According to latest data from Markit, investors are flocking into UK bond market. ETF's saw their biggest weekly inflow of $123.4 million, in at least 12 months, according to Markit.
UK bonds are best performer in last two weeks among developed market peers, which forced the yields to slide sharply.
Majority of the slide is occurring at shorter end of the curve.
In last one week, (starting 26th June)
- UK 2 year yield has dropped more than 33% and today alone more than 11%.
- UK 5 year yield has dropped by 20% and today alone more than 7%.
- UK 10 year yield has dropped by 11% and today alone more than 8%.
- UK 30 year yield has dropped by 8% and today alone more than 4%.
What's driving the Gilt?
- A portion of the money is due to safe haven flow from Europe due to concerns over Greece.

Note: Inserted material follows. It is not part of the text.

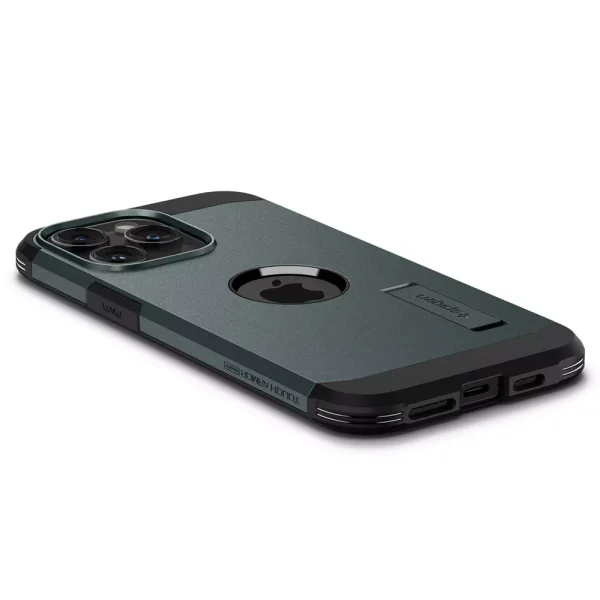 Θήκη Spigen Tough Armor (MagFit) Abyss Green-Apple iPhone 15 Pro (ACS06735) - Image 10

- Largely it might be due to shortage of Gilt. UK chancellor George Osborne plans to cut current budget deficit of 5% and move towards a surplus by 2018/19. Which means lower debt issuance by UK government. Since most of the funding is likely to be on the longer end, short end of the curve remains in short supply.
- According to Citi, UK budget deficit could be £ 15 billion lower than originally estimated.
Last week's auction showed heavy demand in issuance market, with bid to cover ratio reached 1.71, highest so far this year.
Pound has fallen victim to lower yields, currently trading at 1.542 against dollar.